No. In the abstract, if I buy a Honda from a Japanese producer, I pay him in USD. There are only two things that Japanese producer can do with USD, buy US goods or invest it in the US (he can also trade USD for yen to someone in China who wants USD for the same purpose, but the illustration is the same).

He uses those USD to buy American goods. If he spends all of it on American goods, then the trade deficit is zero. If he doesn't spend all of it on American goods, the remaining amount is invested.

So if I buy Japanese goods for $100, and a Japanese guy spends $40 of that on American goods, then The US trade deficit, in aggregate is -$60. The remaining amount is invested, so that Japanese producer uses $100 to buy $40 worth of US goods and invests $60 in the US, so the capital account surplus is +$60.

Trade ALWAYS balances

And although that is not necessarily a good thing, it does allow Americans to pay less in taxes than they otherwise would

You shouldn't accept taxes as a given I'd say.
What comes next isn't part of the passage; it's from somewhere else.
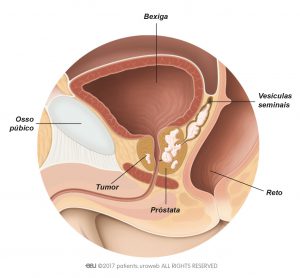 Fig. 1: Tumor T3 da próstata que se espalhou para as vesículas seminais.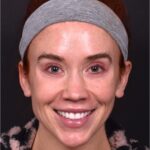 Atlanta chin implant best augmentation before after expert plastic surgery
That's a very miserable way to think.

Sometimes his ideology and ideas aren't completely consistent but he has a genuinely interesting point of view. His book A Conflict Of Visions is pretty unique. Sowell has a real talent for making these things accessible without watering them down too much

because his trade policies are bad

The status quo is worse.

I like Sowell because he knows what he says, his economics books are a good read.
Other than that, yeah he's a nigger. And libertarian so he's okay with the moral degradation of a people for the sake of profit, like unlimited freedoms for Marxists, open borders, legalization of hard drugs, etc.

>This is an instance of socializing the costs (an unemployed populace that needs federal monies now to stay afloat) and privatizing the gains (multi-national corporations domiciled in tax havens keeping the money they make selling Asian manufactured goods in America and not paying a cent of tax on it).

>Hurr durr protectionism is good
>Competition and low prices are bad long-term prospects for the country! TRUMP SAID SO!
kys

I may be pro-trump, but his policies on trade are awful. Also, calling economics bullshit because it doesn't fit your world view doesn't make it any less valid and applicable.

A non-commie leaf. You're rare.

Not really. 3/10 people voted conservative last election, and a large portion of Canadian voters are unaffiliated moderates that will vote for either liberal or conservative canidates depending on circumstance. All Canadians being collectivists is just a meme.

When did OP promote protectionism?
Isn't protectionism just taxing imports? Why would I ship goods to you if I have to pay you as well? Sounds like a lose-win situation, and not for us.